Q&A: Witnesses for the Validity of the Matter
Witnesses for the Validity of the Matter
Question
Hello Rabbi,
In the first lesson in the series Jewish Law and משפט you mentioned the claim of the Pnei Yehoshua that witnesses to kiddushin have a constitutive role and do not merely testify about the act by which the woman is acquired. That is, a woman whom I betrothed in front of one witness is not a married woman, even though one witness is believed in matters of prohibition. I wanted to ask about that: if so, why is an item that I picked up in front of one witness considered mine? After all, in both cases there are social consequences and it affects others, and in both cases I am, as it were, acquiring the thing (the woman or the found item) from the public as a whole.
Answer
In matters of personal status, because of the great significance involved, validation is required for every legal act. In ordinary property law, there is already a general validation: whoever picks up an object in the proper way acquires it. From that point on, only evidentiary testimony is needed that this indeed happened, and not witnesses for the validity of the matter.
By the way, Rabbi Shimon Shkop discusses the question of why witnesses for the validity of the matter are not required in monetary law, since matters of forbidden sexual relationships are also derived by the verbal analogy of “matter-matter” from monetary law.
Discussion on Answer
I said that, indeed, from logic alone there would be room to compare them. But we have a received tradition from the Talmud that in matters of forbidden sexual relationships, witnesses for the validity of the matter are required.
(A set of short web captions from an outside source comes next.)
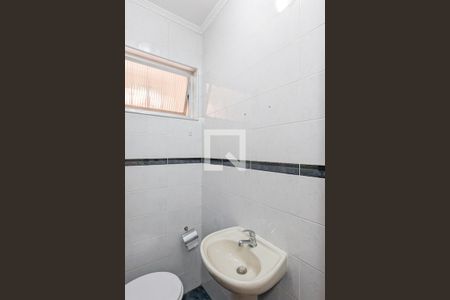 Lavabo de casa à venda com 3 quartos, 125m² em Jardim Atlantico, São Bernardo do Campo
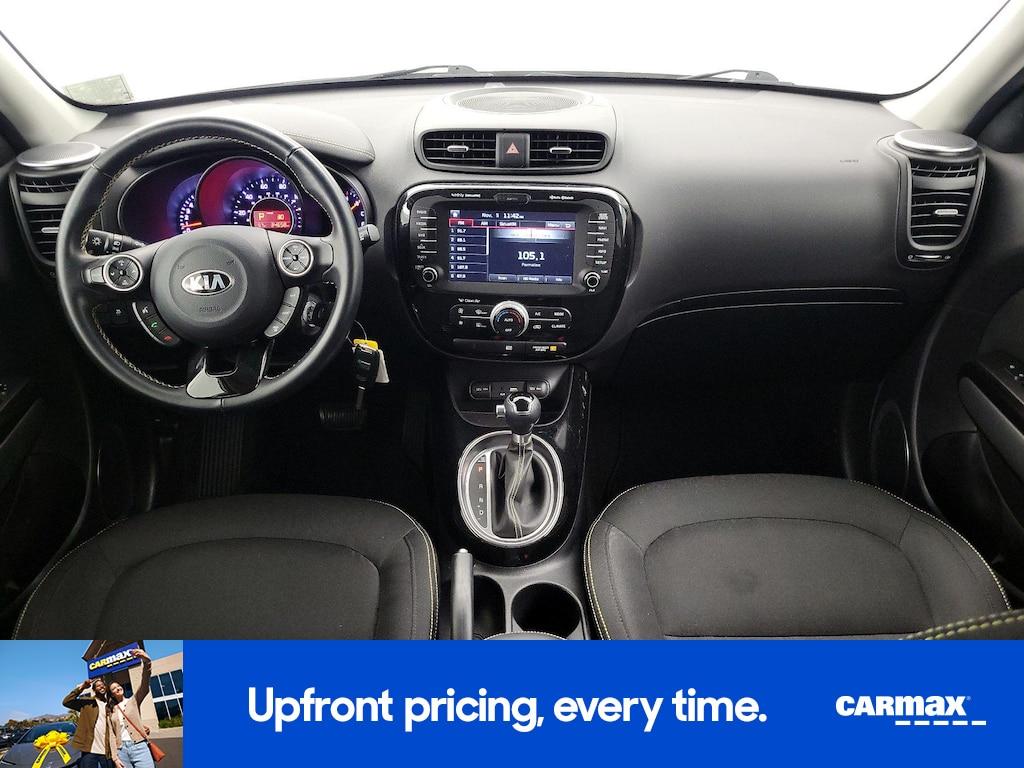 used 2016 Kia Soul car, priced at $14,998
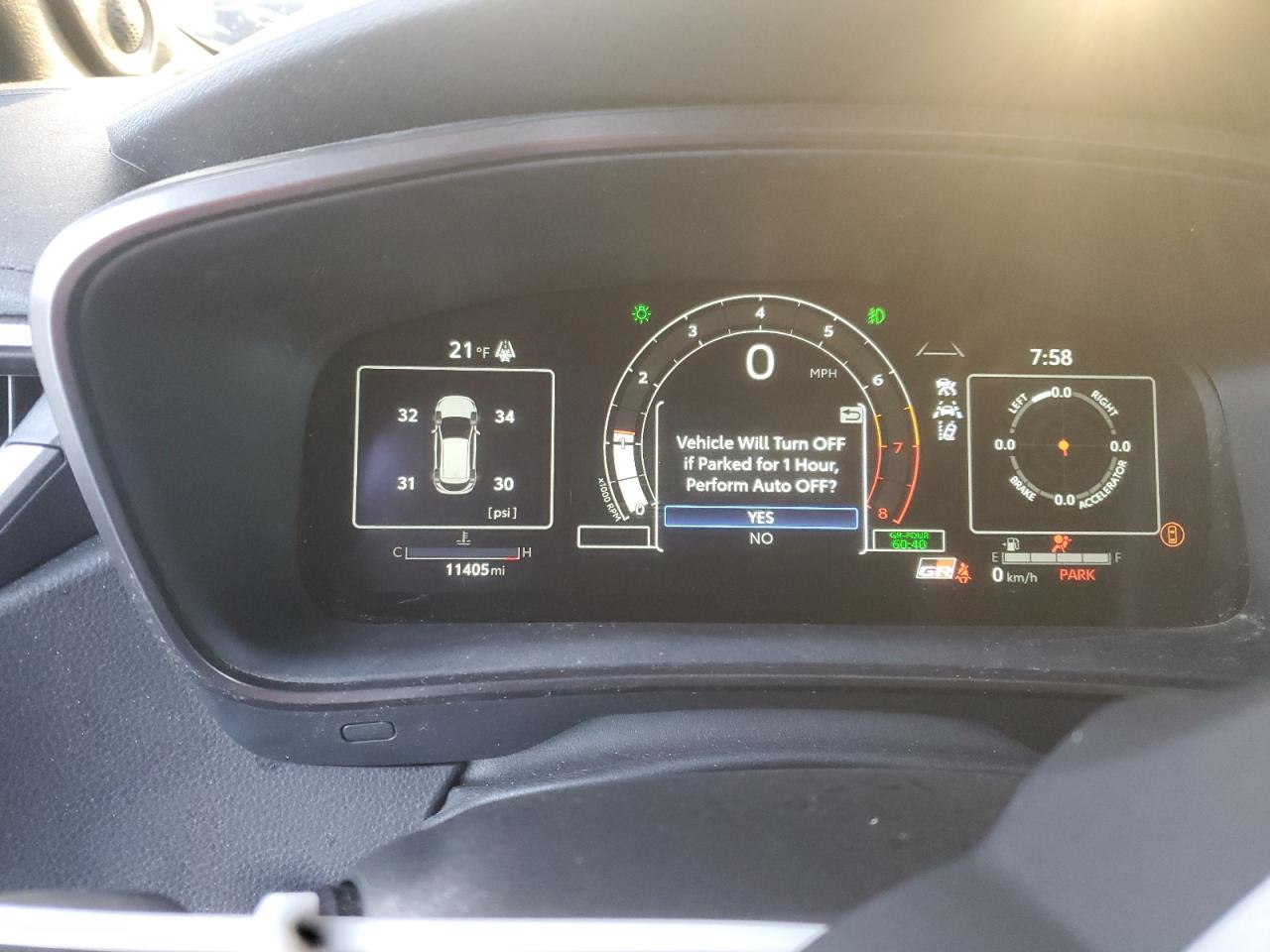 2024 TOYOTA GR COROLLA CORE VIN:JTNABAAE7RA013023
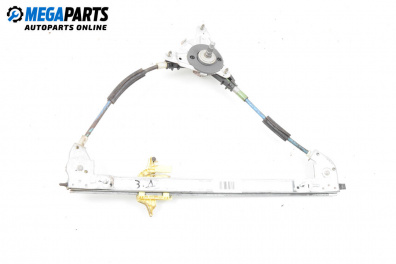Ръчна машинка стъклоповдигач за Citroen Xsara Picasso (09.1999 - 06.2012), 4+1 вр., миниван, позиция: задна, дясна
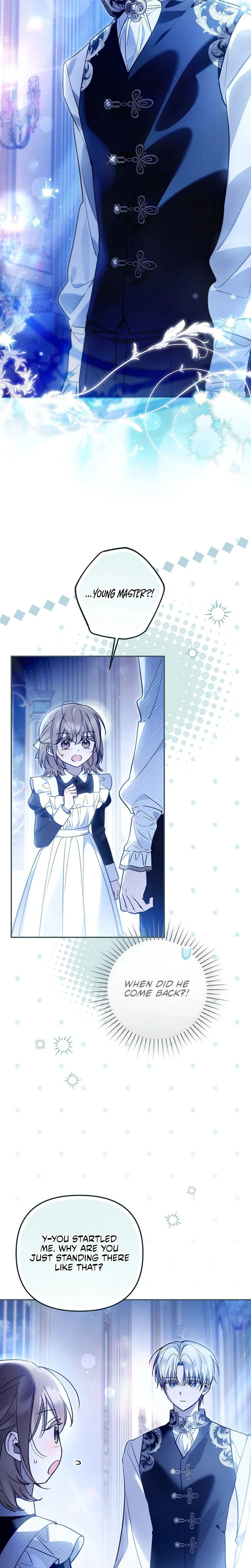 Diana's Dearest Is the Family's Favorite Chapter 54 page 21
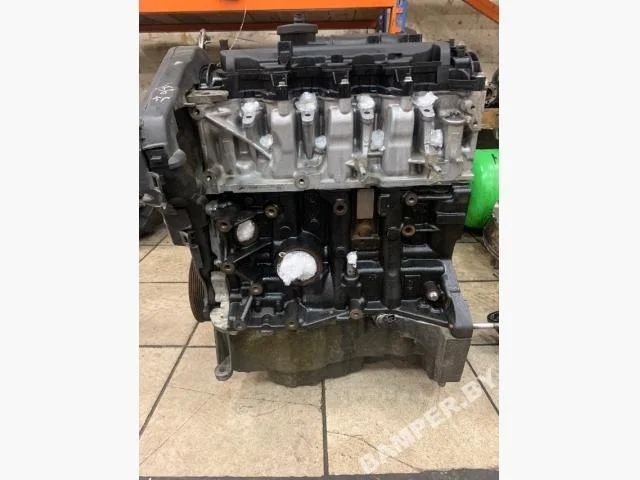 Двигатель K9K858 Dacia Duster 2 1.5 Дизель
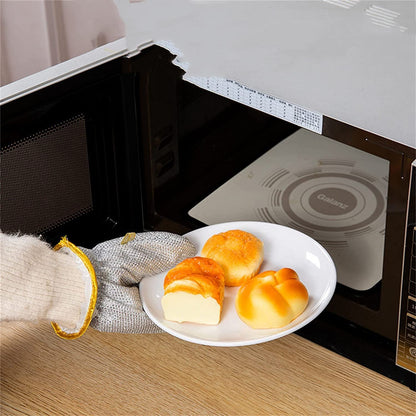 Wire Dishwashing Gloves（1 Pair）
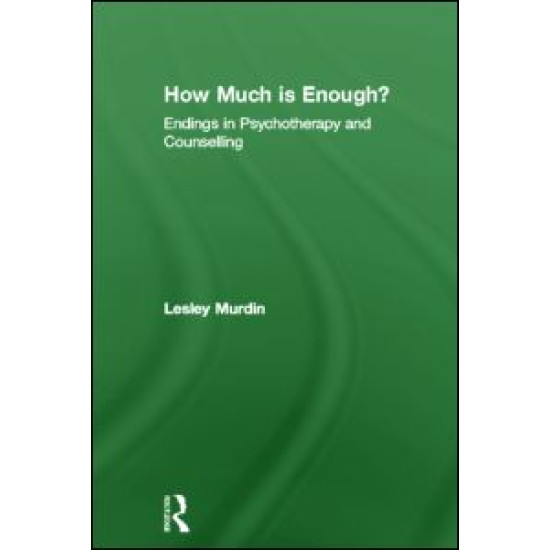 How Much Is Enough?
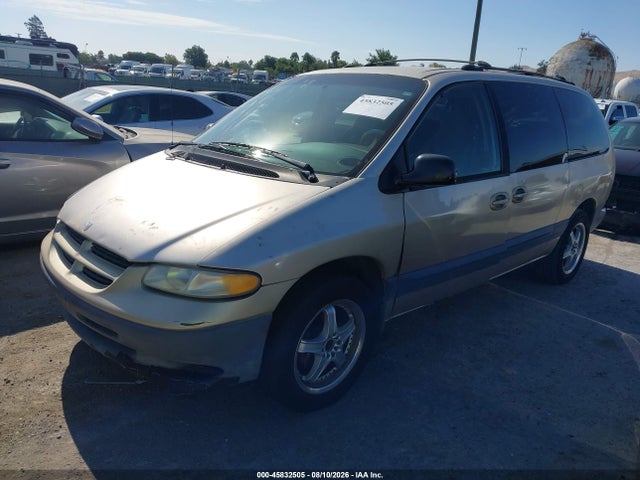 Продажа на аукционе авто 2000 Dodge Grand Caravan Se, vin: 1B4GP44R6YB639801, номер лота: 45832505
What I did was only to suggest an explanation for that fact.
Why not say that in personal-status matters too, whoever betroths a woman through one of the recognized modes of acquisition of a woman has acquired her, and the witnesses are required only to testify that the acquisition took place? In other words, if there are no witnesses testifying that it happened, then the woman should retain her original presumption of status, namely that she is unmarried. So what is the reason to distinguish between witnesses for kiddushin and testimony on a monetary document?